During review of process inputs and controls, QA Personnel shall:
Assess inputs against the technical requirements
Witness and evaluate process steps/activities
and controls in use
Perform a Product
Examination to ascertain if the process results meet the
specified output requirements
5.
Document Results - All inputs and output data
reflecting each process element (e.g., 4M+E) shall be documented. QA
Personnel shall accurately record the results of the Process Review when
completed and in a suitable manner which will allow for use during
data analysis (See
Data Collection & Analysis process). Data points
(Supplier and Government) identified during
Process Reviews may be used to monitor ongoing process performance.

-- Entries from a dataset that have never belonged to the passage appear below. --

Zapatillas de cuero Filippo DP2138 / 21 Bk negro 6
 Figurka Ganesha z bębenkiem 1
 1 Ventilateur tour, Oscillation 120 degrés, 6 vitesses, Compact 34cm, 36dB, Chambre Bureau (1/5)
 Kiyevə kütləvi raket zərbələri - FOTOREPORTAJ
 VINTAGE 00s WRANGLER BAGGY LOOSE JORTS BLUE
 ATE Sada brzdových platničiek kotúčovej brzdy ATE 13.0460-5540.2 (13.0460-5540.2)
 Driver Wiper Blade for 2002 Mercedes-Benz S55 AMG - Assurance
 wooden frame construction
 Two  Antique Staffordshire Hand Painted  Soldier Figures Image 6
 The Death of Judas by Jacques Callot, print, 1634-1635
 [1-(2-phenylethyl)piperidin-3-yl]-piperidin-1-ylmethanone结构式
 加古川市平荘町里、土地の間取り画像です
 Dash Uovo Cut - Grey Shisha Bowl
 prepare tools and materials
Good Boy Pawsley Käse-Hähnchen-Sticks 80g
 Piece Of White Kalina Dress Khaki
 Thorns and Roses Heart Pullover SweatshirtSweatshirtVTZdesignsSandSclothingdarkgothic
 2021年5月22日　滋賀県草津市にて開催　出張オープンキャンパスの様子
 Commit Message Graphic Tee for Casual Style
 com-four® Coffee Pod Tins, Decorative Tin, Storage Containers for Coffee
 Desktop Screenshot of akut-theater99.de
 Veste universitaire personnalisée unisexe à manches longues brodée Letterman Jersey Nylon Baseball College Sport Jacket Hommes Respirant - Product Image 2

As a minimum, the records shall
contain:
Date of review
Person accomplishing review
Supplier name
Location of the review
The process reviewed
Supplier Procedure/Documentation references,
revision number and date
The items being processed at the time of the
review by nomenclature,
part number, serial number, batch number, etc.
Elements of the process reviewed (e.g., 4M+E)
Steps of the process reviewed
Non-conformances found
Traceable to corrective actions
6.
Notification of Results - The results of the Process Review should be
discussed with the supplier (and customer, if applicable) to include possible opportunities for
improvement for processes exhibiting variations. QA Personnel shall initiate immediate
corrective action (See
Corrective Action
Process) when the results indicate a contractual nonconformity.